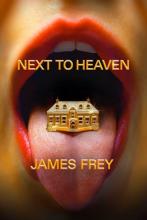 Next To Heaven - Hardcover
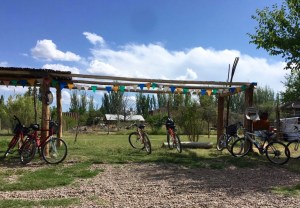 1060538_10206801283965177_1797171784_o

---

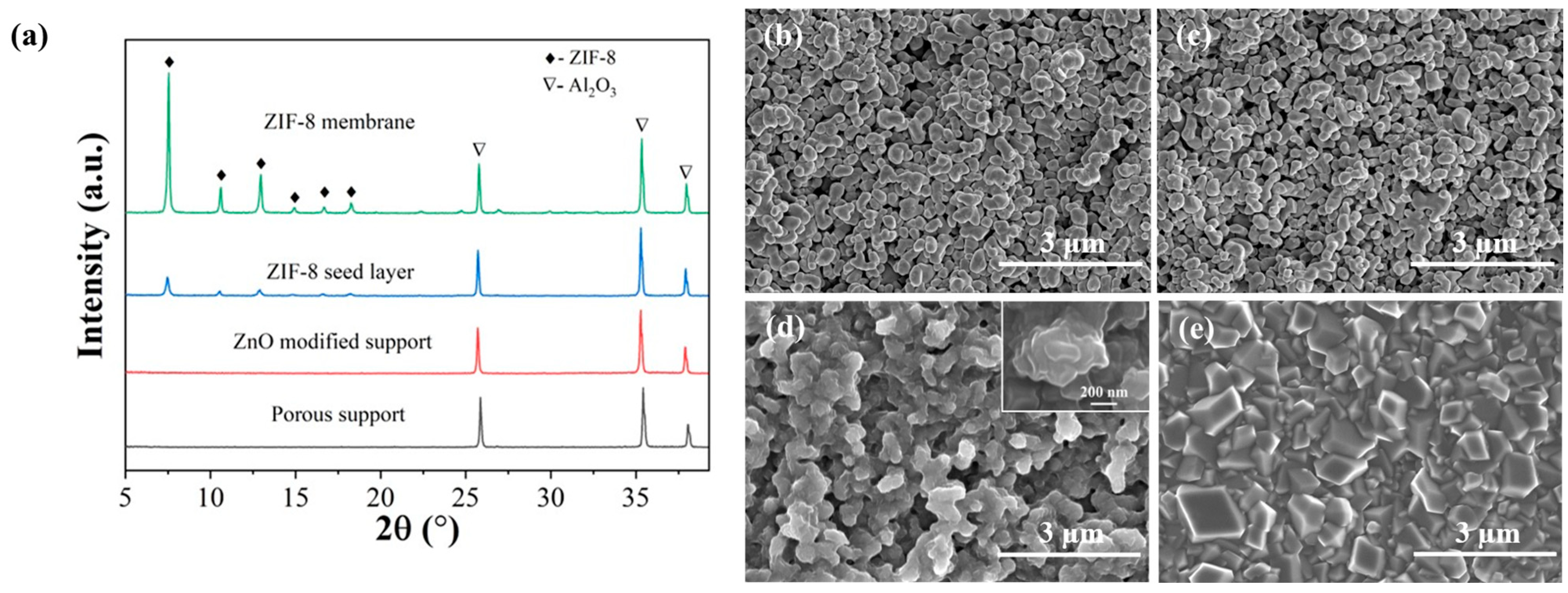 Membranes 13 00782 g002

==

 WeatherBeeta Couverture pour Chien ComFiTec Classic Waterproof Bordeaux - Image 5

Try it: What to print is the stretch of entries from the line with "Next To Heaven - Hardcover" up to and including the line with "1060538_10206801283965177_1797171784_o". Please print it exactly and leave out the pictures.

Solution below:
 Next To Heaven - Hardcover
 1060538_10206801283965177_1797171784_o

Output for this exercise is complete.